## EXERCISE DIRECTIONS:
Go to the line holding "建议男人：无论有钱没钱，这5" in the entries below and write out exactly every line down to and including the line holding "Used 2018 Ford".

## RAW DATA:
────────────────────────────────────────

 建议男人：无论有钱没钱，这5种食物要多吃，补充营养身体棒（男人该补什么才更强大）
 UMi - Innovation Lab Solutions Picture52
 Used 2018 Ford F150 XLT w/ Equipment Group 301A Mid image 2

────────────────────────────────────────

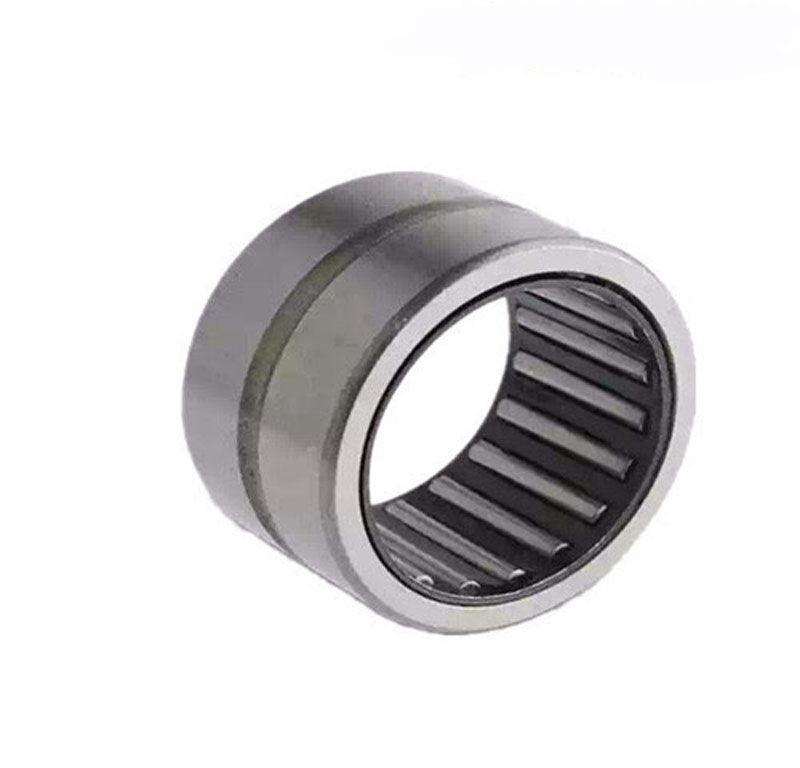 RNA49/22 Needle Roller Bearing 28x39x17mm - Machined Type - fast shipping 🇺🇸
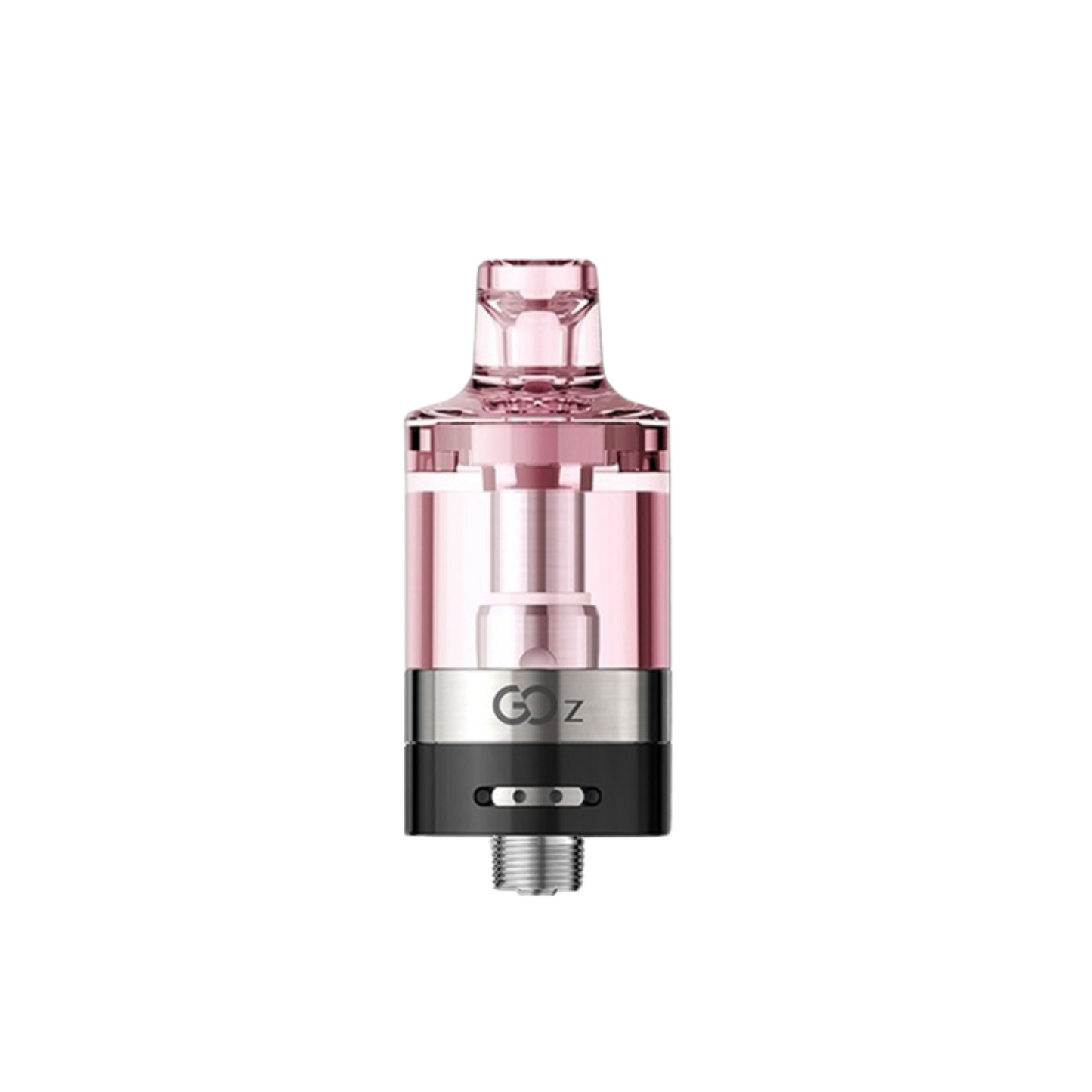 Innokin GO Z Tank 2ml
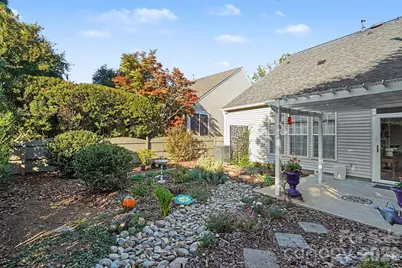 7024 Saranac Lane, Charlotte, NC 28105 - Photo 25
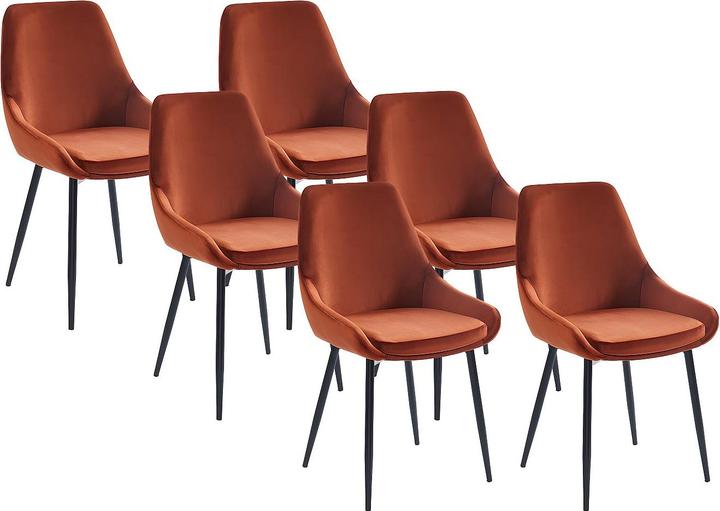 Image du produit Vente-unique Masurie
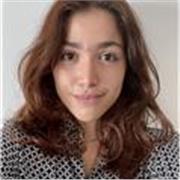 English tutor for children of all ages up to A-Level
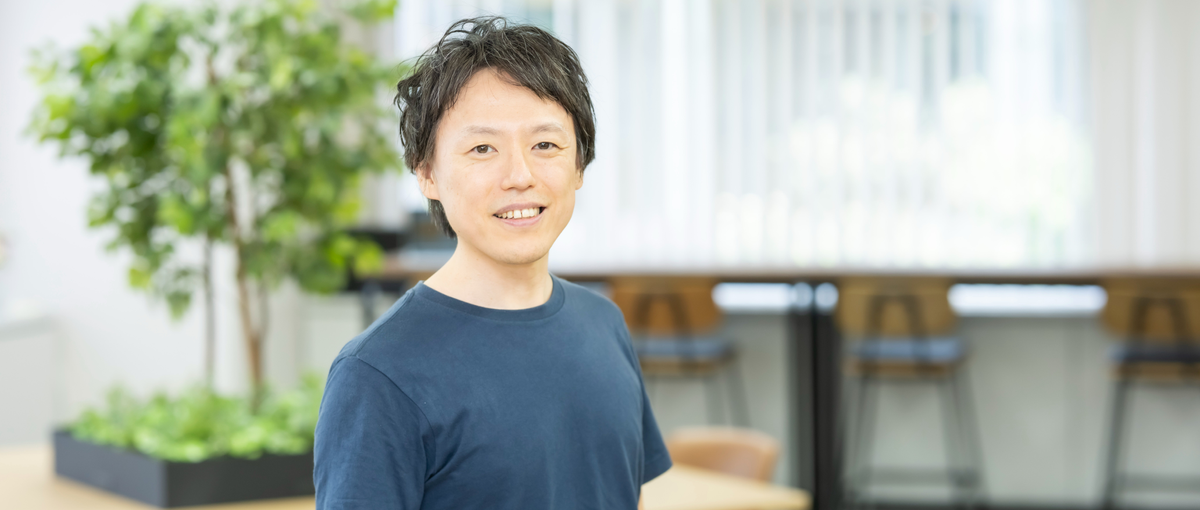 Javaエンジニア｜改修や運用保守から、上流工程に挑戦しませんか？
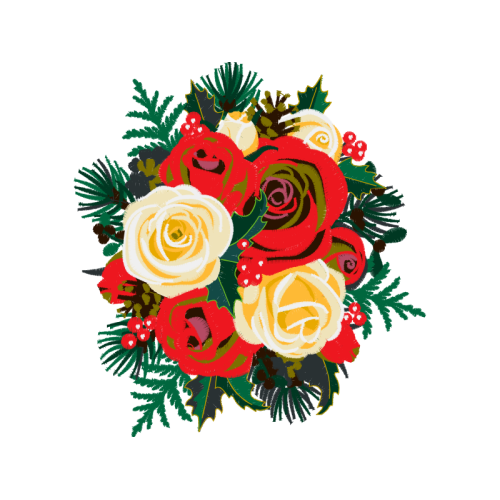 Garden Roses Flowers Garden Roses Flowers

────────────────────────────────────────

## TASK RESULT:
 建议男人：无论有钱没钱，这5种食物要多吃，补充营养身体棒（男人该补什么才更强大）
 UMi - Innovation Lab Solutions Picture52
 Used 2018 Ford F150 XLT w/ Equipment Group 301A Mid image 2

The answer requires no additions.